If you love to hear about the behind-the-scenes goings on on film sets as much as I do, the chapter on the Disney movie will be a favorite.
I think Lawson gives somewhat short shrift to Travers work with Parabola magazine, which is some of her most brilliant writing -- inspiring to thousands of her readers, and collected in the now out of print "What the Bee Knows." (Note to publishers: bring it back!) You may also find out more than you want to known about her endless toing and froing with Disney, and the ways in which the movie deal echoed through the last thirty years of her life.
But Lawson also gives the first comprehensive account of Travers' private life, her involvement AE and Gurdieff, her adoption of one twin, her son Camillus, and her early career as an actress. Her love affairs are touched on.
I'm not sure, in the end, if all the private matters, interesting as they may be, really add to our understanding of Travers' work, though Lawson makes some persuasive connections between the fantasy and the reality. Mary Poppins herself, the Great Exception, survives the biography with her mystery intact, and in spite of Lawson's sympathetic and thorough craftsmanship, so does Travers. For those of us lucky ones who count Travers as a touchstone in our lives, that's just fine. Questions without answers can often be more satisfying than the other kind.
As a fan of the Mary Poppins books, having borrowed them from the library many times as a child, I already knew that the Walt Disney movie starring Julie Andrews (!) was its own fantasy, rather than a cinematic portrayal of the Mary Poppins I knew from P.L.Travers' books. After reading 'Mary Poppins, She Wrote' I believe that the movie 'Saving Mr.Banks' is ANOTHER Disney fantasy, rather than an accurate or realistic biography of P.L.Travers OR the making of the their Mary Poppins movie.
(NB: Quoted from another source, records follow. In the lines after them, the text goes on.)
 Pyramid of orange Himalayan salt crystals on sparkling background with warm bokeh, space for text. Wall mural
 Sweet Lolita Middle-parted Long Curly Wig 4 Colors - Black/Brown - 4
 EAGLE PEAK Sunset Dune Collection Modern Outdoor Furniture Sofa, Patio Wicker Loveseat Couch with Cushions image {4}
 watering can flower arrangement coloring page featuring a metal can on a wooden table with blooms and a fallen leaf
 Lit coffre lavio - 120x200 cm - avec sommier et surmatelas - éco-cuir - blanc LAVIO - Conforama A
I understand that P.L.Travers obscured, hid facts, and down right lied about her life over the years, so I'm sure that writing her biography was difficult. But Valerie Lawson tells us, up front, that despite Travers' claims that she did not want anyone to write her biography, Travers left a wealth of papers and documentation, and made sure it was available to anyone who wanted to read it. If there IS so much open documentation, one would think she could have presented a more straight forward, if not more informative, biography.
I was really bored by the tedious FILLER about all the gurus P.L.Travers followed in her life. It might have been SLIGHTLY more acceptable if Lawson had included anything that explained WHAT these teachings were about. Despite having to plow through page after page about Gurdijieff, I couldn't grasp any basic concept of his teachings as related by Valerie Lawson in her book...even though Wikipedia manages to fit it into a lot less space and comes up with a more concise explanation. I found it somewhat ironic that Lawson's book includes a lot more of what I'd consider "gossip" about Grudjieff, supposedly gleaned form Travers' letters and papers, while P.L.Travers has only a very minor mention in the Wikipedia article about Grudjieff.
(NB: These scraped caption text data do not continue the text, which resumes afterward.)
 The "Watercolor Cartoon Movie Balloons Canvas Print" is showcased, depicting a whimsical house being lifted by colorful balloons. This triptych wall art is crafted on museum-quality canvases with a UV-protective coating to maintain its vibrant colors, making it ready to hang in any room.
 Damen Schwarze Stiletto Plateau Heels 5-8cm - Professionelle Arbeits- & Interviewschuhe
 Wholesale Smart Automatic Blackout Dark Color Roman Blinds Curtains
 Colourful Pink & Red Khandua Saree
Lawson also wrote much about Travers' preoccupation with Zen, and the idea that the Mary Poppins books (or, perhaps just Mary Poppins, herself) were considered to be Zen. I wish she had explained what this was supposed to mean, for readers who aren't familiar with the concept of Zen. I certainly hope it is more than that Mary Poppins is simply an unexplainable riddle.
After reading Valerie Lawson's biography of P.L.Travers, I ended up feeling that Travers was an insecure writer who tried to imbue her childhood fantasies with great philosophical meaning. It seems that over her lifetime she almost taunted her readers and students, reviewers and interviewers, with "if you don't know, I'M not going to tell you!" responses about her books, her methods, her beliefs and her life. In the end, I was left with the feeling that she was a charlatan...or that SHE felt she was...and that's why she was so secretive and vague.
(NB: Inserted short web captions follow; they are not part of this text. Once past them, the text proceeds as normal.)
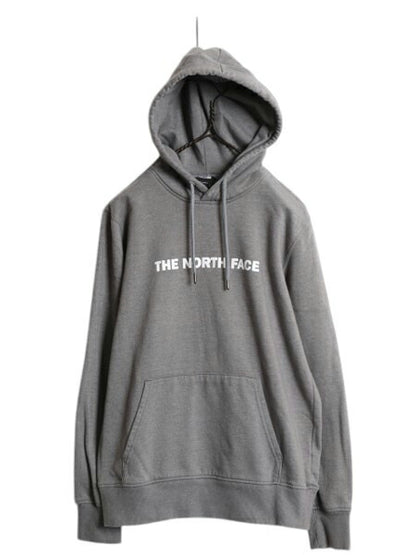 ノースフェイス プリント スウェット フード パーカー レディース S / 古着 The North Face プルオーバー 裏起毛 トレーナー スエット 灰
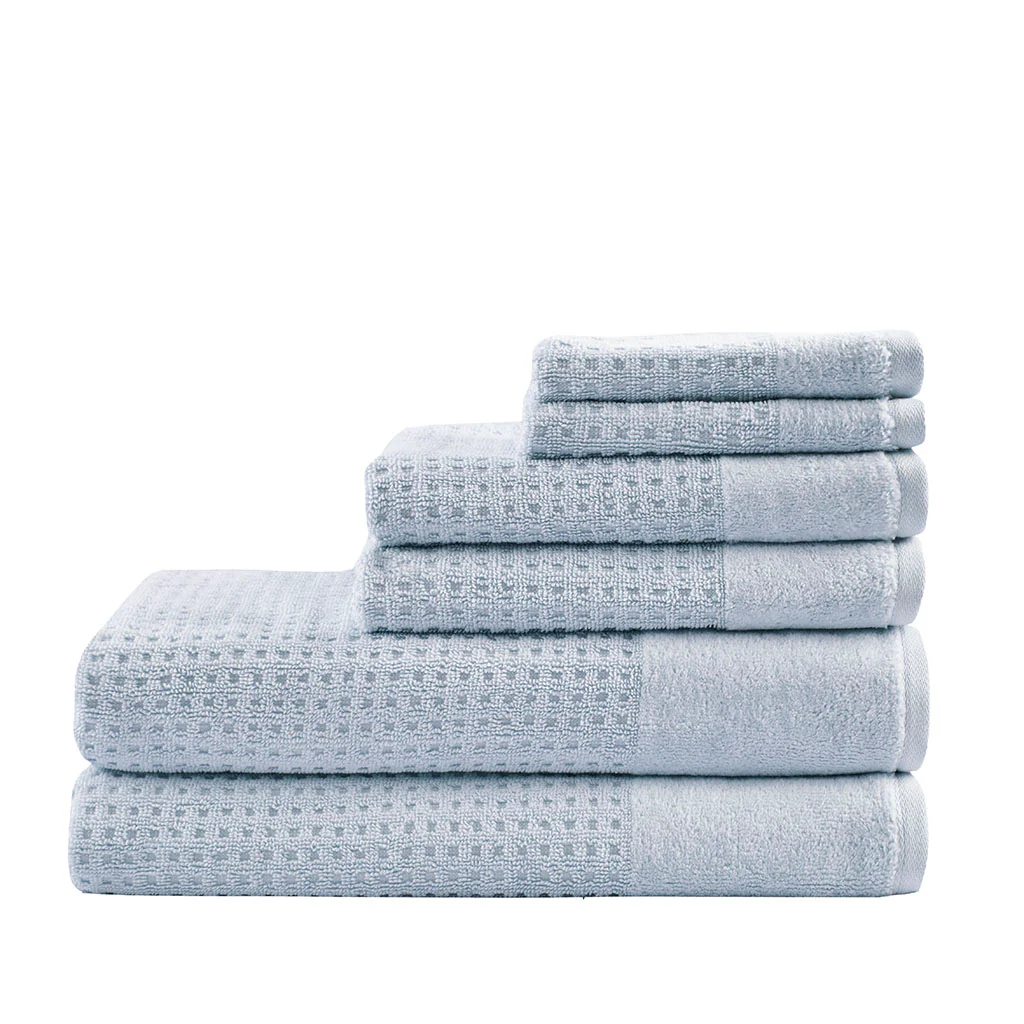 Spa Waffle Cotton Waffle Jacquard Antimicrobial Bath Towel 6-Piece Set - Image 10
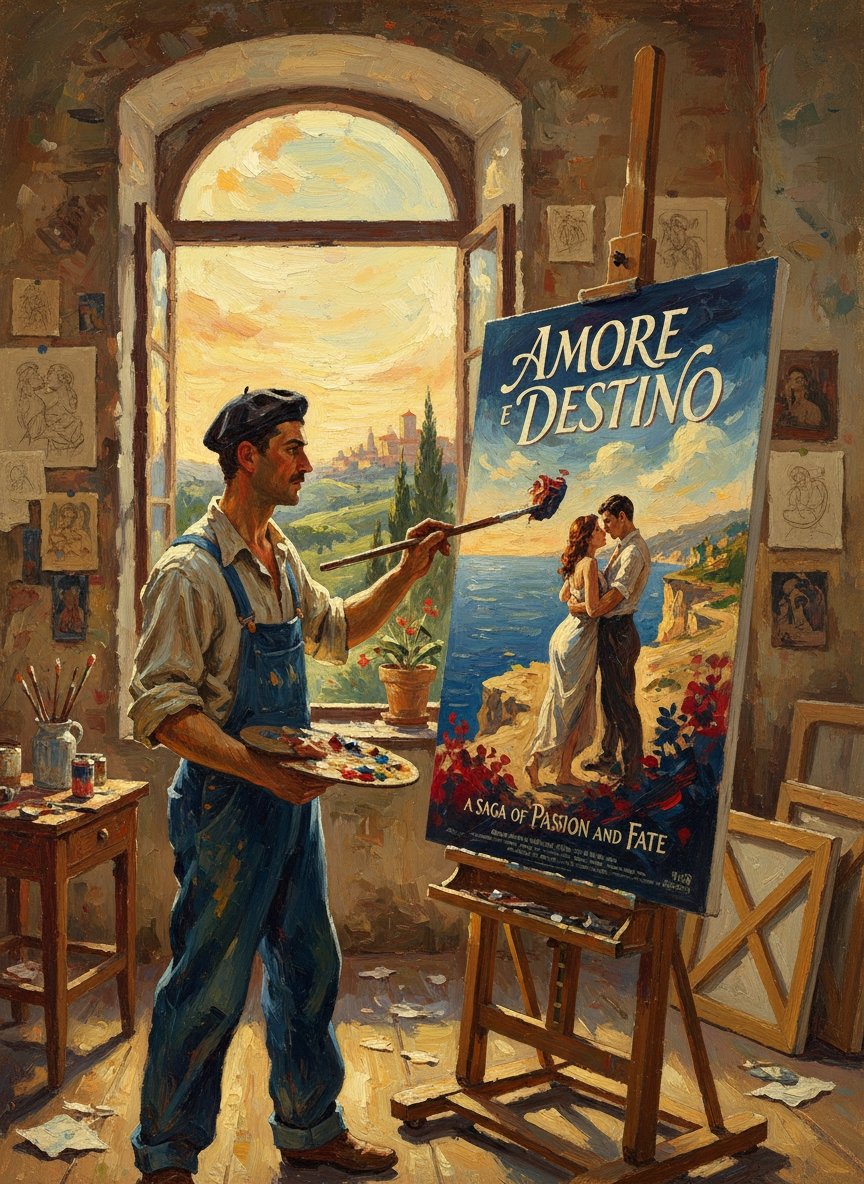 Italian artist painting a romantic movie poster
I think it sad that (it seems) she wrote the Mary Poppins stories, and particularly the sequel books, simply because she needed the money and was unable to write anything else that was commercial successful. I also think it is sad that she (seemed) to feel that writing children's literature was beneath her as a writer, so that she had to give these stories a higher meaning by saying they are an interpretation of myth and/or mystical religion, and insisted they were NOT written for children. I think P.L.Travers lived a sad and disappointed life.
The book tells the story as much as it can be told.
Pamela L. Travers was born Helen Lyndon Goff in Australia in 1899. Her father was an Irishman with a romantic streak and an unfortunate weakness for alcohol, while her mother was part of a prominent and wealthy Australian family. Lyndon adored her father, who died when she was young, and spent much of her life looking for a father substitute, or as Lawson puts it, for a "Mr. Banks." With little formal education, she became an actress, eventually migrated to London, and there worked as a journalist and writer. She was heavily influenced by Yeats and George Russell, who used the pen name AE, and developed a mystical streak that later found fuller expression through her discipleship to Ouspensky and Gurdjieff, as well as other "gurus" advocating various Eastern philosophies. Her private life was a mystery. Lawson is able to suggest that she had some lesbian relationships, but could find no firm evidence. She never married, but adopted a son with whom she had a stormy but ultimately close relationship. And most of all, she wrote, mainly about an intimidating, dour, and rather plain nanny who showed up at the Banks household at odd times to impart lessons in life to the children she had in charge. Mary Poppins eventually made Travers' fortune, and although she was plagued with ill-health and anxieties throughout her long life, she died a wealthy woman in 1996.
Having seen both "Mary Poppins" and "Saving Mr. Banks" I found this biography very enjoyable. It was interesting to read of Travers' tumultuous life and to feel both admiration and sympathy for her. I especially enjoyed the sections covering Travers' relationship with Walt Disney and the work she did as a consultant for "Mary Poppins." I came to admire Travers very much as a woman who overcame the many restrictions placed on her by her sex and her class and who, despite the intimidating and sometimes unpleasant aspects of the original Mary Poppins, created a heroine who deserves a permanent place of honor on the shelves of children's literature.